▶ **Supplied data**
- - -

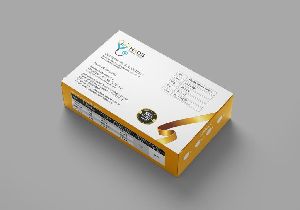 Latex Powder Free Gloves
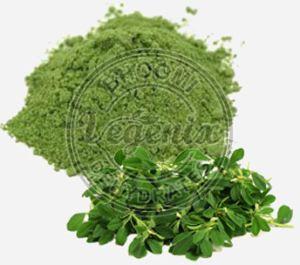 Methi Leaf Powder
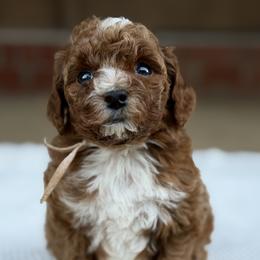 Pink - Red  female Poodle puppy in West Hamlin, West Virginia from My Vision Poodles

- - -

▶ **What the task requires**
Since the pictures are not wanted, transcribe only the rest of the material above, exactly as it stands.

▶ **Final answer**
 Latex Powder Free Gloves
 Methi Leaf Powder
 Pink - Red  female Poodle puppy in West Hamlin, West Virginia from My Vision Poodles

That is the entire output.